[Start of section]

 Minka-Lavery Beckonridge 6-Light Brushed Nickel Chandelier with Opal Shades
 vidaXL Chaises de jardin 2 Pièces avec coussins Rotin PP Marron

[End of section]
[Start of section]

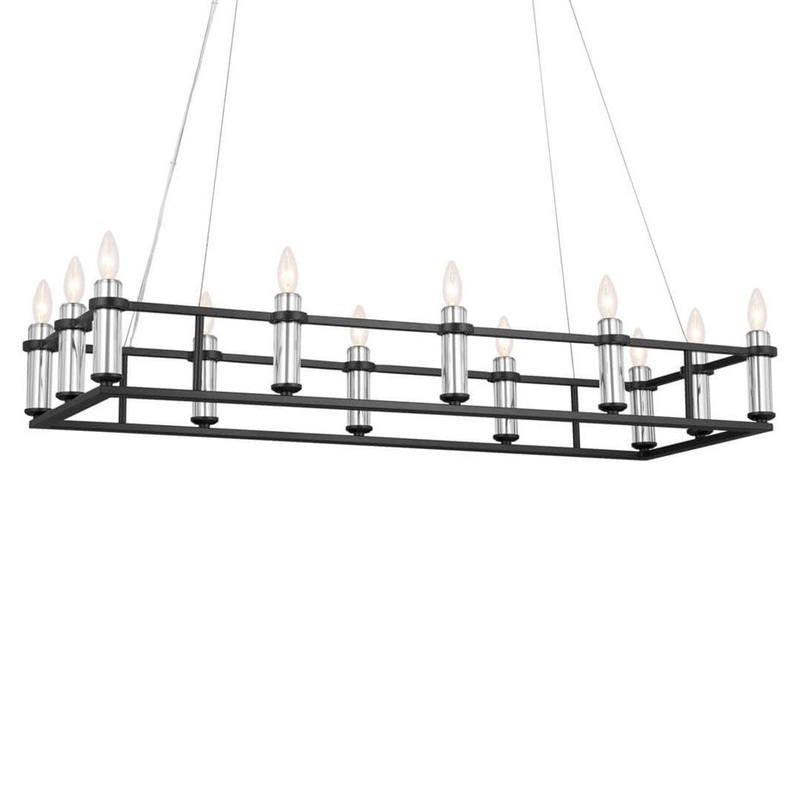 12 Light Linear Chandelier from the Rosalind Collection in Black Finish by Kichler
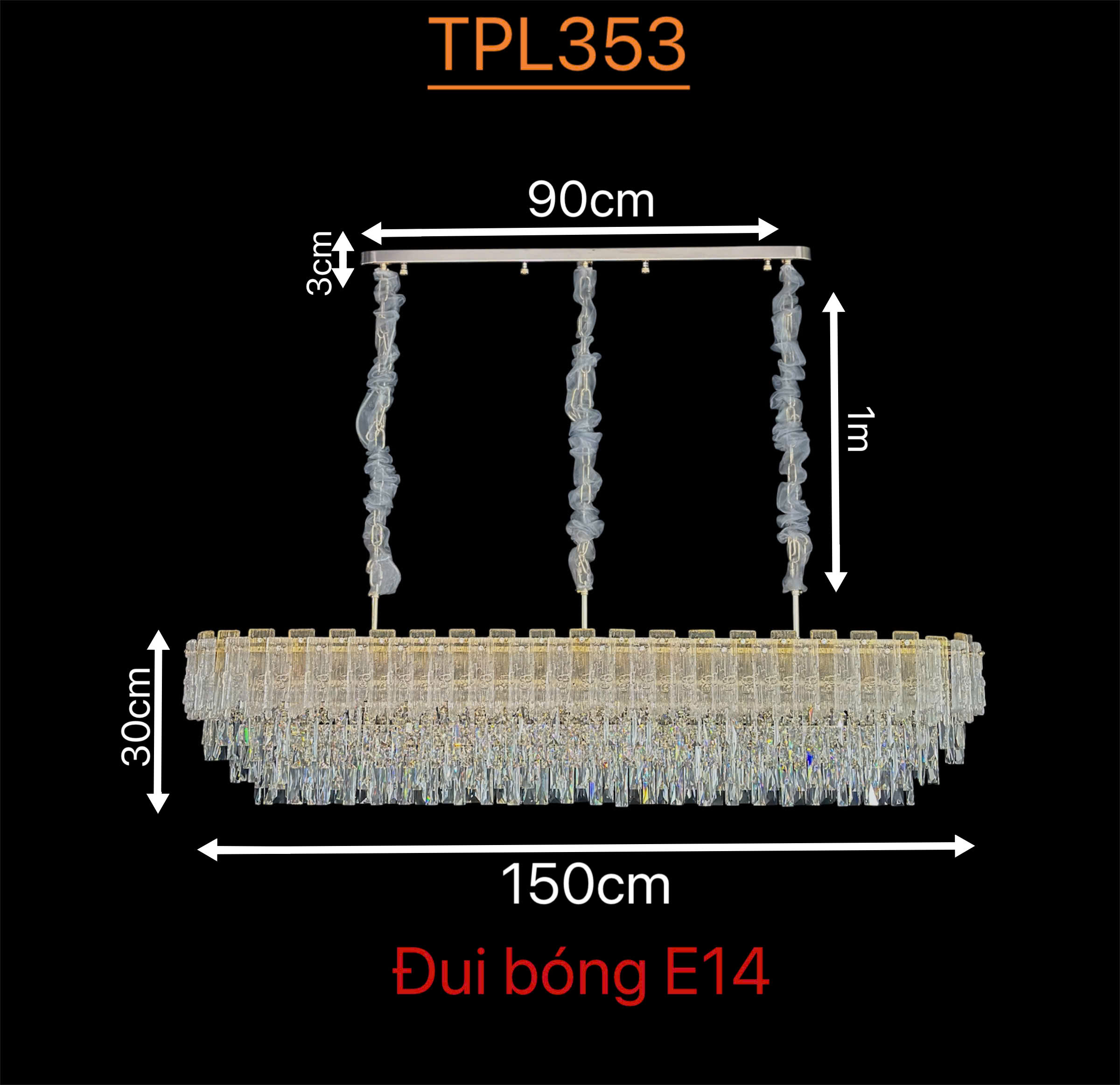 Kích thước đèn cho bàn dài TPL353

[End of section]

**Work to be completed:**
What you return from the records above should be exactly everything from the line with "12 Light Linear" down to the line with "Kích thước đèn cho bàn dài TPL353", both kept, and no pictures.

**The completed task:**
 12 Light Linear Chandelier from the Rosalind Collection in Black Finish by Kichler
 Kích thước đèn cho bàn dài TPL353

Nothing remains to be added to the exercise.